As we begin to explore “electronic wills” and the possibilities technology has to offer to estate planning which hope to help alleviate old problems, we should be cautious with the evolving technology. An estate planning attorney has 500 wills with no owners. Most of the wills came into his office through several law firm acquisitions. Some of the wills are more than 70 years old. However, the New York State Bar Association’s ethics opinion was that he must continue to store the wills because they had undertaken that obligation.
Clients frequently ask estate planning attorneys the same question posed by an article “Could your future will be in the cloud?” from the Daily Local News. Should the attorney keep the original will? How would the attorney know if they had a second will done, or if they died and no longer need the will? Second original wills can create problems if later Wills are executed.

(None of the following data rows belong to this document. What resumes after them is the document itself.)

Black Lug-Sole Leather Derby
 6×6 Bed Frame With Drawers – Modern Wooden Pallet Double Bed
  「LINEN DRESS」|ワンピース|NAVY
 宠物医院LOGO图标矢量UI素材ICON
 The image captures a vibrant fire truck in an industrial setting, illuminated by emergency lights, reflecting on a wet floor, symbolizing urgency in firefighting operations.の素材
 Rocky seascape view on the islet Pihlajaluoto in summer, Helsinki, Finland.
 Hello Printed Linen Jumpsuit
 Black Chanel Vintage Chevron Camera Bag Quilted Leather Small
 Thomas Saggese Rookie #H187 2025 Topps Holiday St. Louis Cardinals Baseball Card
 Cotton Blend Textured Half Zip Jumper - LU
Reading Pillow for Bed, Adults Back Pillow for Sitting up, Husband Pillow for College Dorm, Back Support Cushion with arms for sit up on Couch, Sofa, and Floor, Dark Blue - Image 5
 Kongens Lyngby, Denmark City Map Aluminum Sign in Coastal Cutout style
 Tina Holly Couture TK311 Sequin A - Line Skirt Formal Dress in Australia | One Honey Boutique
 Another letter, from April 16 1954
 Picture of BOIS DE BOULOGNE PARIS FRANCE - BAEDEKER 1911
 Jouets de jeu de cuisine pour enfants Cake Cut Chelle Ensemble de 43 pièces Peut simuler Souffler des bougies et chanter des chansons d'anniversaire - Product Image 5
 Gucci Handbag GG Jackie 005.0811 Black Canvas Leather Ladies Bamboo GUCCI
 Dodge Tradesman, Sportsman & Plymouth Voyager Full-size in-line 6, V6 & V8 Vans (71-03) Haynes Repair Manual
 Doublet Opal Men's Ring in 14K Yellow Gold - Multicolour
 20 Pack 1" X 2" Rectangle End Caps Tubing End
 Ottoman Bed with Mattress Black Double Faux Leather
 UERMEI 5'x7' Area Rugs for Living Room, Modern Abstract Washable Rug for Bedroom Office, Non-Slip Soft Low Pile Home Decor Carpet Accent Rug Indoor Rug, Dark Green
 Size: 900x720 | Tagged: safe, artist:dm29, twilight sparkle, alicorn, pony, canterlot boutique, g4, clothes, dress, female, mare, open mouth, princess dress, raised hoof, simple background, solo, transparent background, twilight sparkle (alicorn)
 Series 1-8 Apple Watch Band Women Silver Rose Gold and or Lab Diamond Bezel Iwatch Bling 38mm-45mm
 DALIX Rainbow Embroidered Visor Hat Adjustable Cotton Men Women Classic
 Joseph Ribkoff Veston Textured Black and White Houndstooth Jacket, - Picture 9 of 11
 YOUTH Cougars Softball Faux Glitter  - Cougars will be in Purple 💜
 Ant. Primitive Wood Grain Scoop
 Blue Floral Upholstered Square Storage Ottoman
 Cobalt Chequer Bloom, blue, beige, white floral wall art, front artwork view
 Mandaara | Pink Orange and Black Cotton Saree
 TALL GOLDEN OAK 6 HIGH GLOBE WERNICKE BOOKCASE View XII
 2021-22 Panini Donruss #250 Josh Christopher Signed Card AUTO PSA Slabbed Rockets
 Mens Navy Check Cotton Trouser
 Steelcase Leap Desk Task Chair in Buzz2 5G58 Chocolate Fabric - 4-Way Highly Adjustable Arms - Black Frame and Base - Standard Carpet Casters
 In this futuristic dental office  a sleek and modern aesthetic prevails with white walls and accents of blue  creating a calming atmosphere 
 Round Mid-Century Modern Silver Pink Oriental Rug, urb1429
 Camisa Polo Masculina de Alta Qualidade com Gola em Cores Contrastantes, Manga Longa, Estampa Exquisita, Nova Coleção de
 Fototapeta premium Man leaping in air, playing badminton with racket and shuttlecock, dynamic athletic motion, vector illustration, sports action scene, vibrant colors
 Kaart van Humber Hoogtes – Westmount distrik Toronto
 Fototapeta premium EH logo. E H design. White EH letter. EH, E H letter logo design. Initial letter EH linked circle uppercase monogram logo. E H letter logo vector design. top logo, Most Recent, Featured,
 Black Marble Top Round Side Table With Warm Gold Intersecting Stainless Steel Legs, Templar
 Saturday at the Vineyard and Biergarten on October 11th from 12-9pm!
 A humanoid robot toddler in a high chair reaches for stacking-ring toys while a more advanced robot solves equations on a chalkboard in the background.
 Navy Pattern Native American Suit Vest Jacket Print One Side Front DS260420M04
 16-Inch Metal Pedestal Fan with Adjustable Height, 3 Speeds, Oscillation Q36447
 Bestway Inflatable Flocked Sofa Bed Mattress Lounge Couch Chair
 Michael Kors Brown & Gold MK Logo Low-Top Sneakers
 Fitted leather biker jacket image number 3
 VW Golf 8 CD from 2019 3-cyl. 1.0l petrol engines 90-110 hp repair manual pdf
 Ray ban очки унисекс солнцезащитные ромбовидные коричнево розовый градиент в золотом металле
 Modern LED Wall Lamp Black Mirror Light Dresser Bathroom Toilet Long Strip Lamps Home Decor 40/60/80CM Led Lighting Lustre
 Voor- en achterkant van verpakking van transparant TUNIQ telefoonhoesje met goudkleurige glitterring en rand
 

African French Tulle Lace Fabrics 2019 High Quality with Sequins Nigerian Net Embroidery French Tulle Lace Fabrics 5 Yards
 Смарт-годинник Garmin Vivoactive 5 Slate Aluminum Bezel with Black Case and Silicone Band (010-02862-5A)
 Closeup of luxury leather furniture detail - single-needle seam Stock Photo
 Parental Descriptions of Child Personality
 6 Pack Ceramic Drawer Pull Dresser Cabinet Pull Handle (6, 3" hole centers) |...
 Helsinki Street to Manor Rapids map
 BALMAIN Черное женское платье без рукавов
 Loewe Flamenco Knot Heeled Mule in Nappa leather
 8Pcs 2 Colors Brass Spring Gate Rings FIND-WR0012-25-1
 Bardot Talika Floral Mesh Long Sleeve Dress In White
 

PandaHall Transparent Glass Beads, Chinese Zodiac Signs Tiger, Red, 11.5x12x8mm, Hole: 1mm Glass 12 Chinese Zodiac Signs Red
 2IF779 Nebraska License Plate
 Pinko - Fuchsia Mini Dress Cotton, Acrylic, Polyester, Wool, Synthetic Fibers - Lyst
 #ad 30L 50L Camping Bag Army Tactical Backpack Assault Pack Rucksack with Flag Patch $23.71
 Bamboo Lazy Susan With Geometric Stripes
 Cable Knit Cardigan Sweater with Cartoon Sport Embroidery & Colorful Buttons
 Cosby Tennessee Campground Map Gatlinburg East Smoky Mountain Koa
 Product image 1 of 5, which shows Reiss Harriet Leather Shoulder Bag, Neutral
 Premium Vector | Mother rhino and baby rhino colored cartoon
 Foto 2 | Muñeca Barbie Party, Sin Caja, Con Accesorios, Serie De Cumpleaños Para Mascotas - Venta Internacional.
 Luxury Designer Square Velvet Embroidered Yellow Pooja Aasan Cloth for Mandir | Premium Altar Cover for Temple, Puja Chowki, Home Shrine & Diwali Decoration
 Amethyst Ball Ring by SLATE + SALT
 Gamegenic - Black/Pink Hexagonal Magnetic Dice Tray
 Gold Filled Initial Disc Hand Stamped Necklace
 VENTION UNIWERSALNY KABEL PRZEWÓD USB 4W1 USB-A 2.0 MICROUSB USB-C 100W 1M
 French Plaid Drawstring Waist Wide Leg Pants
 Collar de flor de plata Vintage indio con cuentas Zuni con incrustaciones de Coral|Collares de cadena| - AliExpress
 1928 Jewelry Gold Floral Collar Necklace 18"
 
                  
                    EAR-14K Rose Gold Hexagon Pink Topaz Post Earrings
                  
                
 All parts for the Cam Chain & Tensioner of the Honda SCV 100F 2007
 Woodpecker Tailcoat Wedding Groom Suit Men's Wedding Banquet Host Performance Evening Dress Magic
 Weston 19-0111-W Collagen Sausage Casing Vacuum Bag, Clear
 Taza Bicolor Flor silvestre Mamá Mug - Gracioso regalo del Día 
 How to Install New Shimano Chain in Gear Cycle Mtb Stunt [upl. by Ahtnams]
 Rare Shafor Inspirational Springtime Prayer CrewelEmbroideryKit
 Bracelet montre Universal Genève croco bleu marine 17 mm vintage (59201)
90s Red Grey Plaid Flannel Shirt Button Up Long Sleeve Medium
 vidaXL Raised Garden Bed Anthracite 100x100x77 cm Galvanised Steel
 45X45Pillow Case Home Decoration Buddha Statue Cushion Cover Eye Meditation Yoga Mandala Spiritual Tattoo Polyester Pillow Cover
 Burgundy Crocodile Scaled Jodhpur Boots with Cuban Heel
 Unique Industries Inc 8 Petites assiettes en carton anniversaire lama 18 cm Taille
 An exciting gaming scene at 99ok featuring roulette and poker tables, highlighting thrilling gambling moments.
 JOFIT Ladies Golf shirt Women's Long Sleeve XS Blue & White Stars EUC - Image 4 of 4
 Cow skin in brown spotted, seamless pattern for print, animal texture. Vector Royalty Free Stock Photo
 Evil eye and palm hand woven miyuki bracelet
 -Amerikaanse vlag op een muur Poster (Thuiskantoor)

While it’s almost always better to return to your original estate planning attorney when revising a will, clients are not required to tell attorneys if they are updating a will with another lawyer. Some estate planning attorneys do keep their clients’ wills, as a service to their clients. It may also be a wise thing if the clients are worried about losing the wills or if they are concerned that their executors won’t be able to find them when the time comes.
However, some attorneys do not keep client wills in their offices. They believe that the best place for an original will is in a fire and water-proof secure safe or box in the client’s home. They also count on their good relationship with clients and their families, who they believe will return to their offices when estate plans need to be updated or estates need to be administered.
The issue of a lost will could be averted, if people are diligent about telling their executors where their wills can be found, and if documents are updated from time to time, as their personal situations and laws change.
However, what about storing documents in a world where so much of our private important information is stored in the “cloud,” that is, on a secure platform that is offered to us by a professional or through an online service?
There are several new laws in a number of states that are looking into electronic wills, with new laws, including the Uniform Electronic Wills Act and State Electronic Will statutes. Electronic wills under the Uniform Act must be stored in a tangible or electronic medium that is “retrievable in perceivable form.” In other words, you have to be able to read it. Attesting witnesses must be in the physical presence of the testator or the electronic presence.
For most of us, the brave new world is still developing, and storage of our wills in the cloud may be a few years in the future. Speak with your estate planning attorney about their practices and recommendations for storage of your will and other important estate planning documents. Inquire about whether they provide a secure online portal for document storage, and if it is acceptable by law in your state.
Reference: Daily Local News (Feb. 5, 2020) “Could your future will be in the cloud?”